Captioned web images
——————
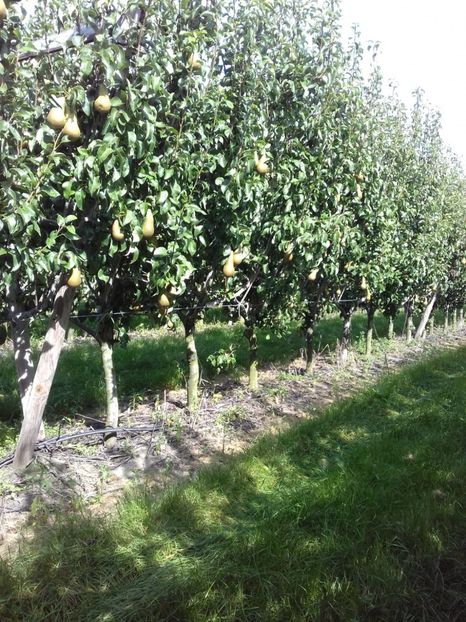 IMG-20210909-WA0033 - Belgia tati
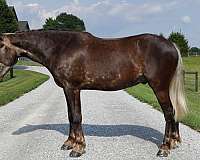 silb-athletic-pony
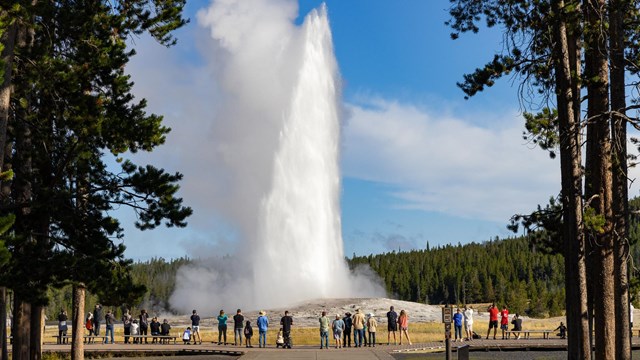 people watch an old faithful eruption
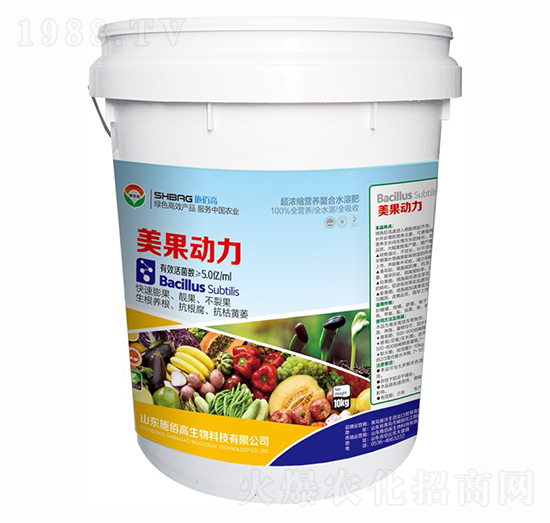 ��������-ʩ�۸�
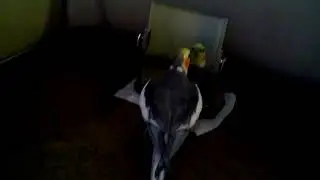 Мой попугай говорит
——————
Reproduce the data word for word without its images.

 IMG-20210909-WA0033 - Belgia tati
 silb-athletic-pony
 people watch an old faithful eruption
 ��������-ʩ�۸�
 Мой попугай говорит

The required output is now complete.